Source records:
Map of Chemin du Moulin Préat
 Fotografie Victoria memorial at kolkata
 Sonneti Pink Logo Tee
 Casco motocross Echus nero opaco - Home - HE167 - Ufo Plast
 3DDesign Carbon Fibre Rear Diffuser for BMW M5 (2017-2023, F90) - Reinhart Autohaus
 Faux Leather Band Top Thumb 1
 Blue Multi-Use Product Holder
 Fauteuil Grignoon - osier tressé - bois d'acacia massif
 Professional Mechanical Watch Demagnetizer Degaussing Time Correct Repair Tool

--- Work order ---
Each entry in the data must be copied exactly.

--- Exercise solution ---
Map of Chemin du Moulin Préat
 Fotografie Victoria memorial at kolkata
 Sonneti Pink Logo Tee
 Casco motocross Echus nero opaco - Home - HE167 - Ufo Plast
 3DDesign Carbon Fibre Rear Diffuser for BMW M5 (2017-2023, F90) - Reinhart Autohaus
 Faux Leather Band Top Thumb 1
 Blue Multi-Use Product Holder
 Fauteuil Grignoon - osier tressé - bois d'acacia massif
 Professional Mechanical Watch Demagnetizer Degaussing Time Correct Repair Tool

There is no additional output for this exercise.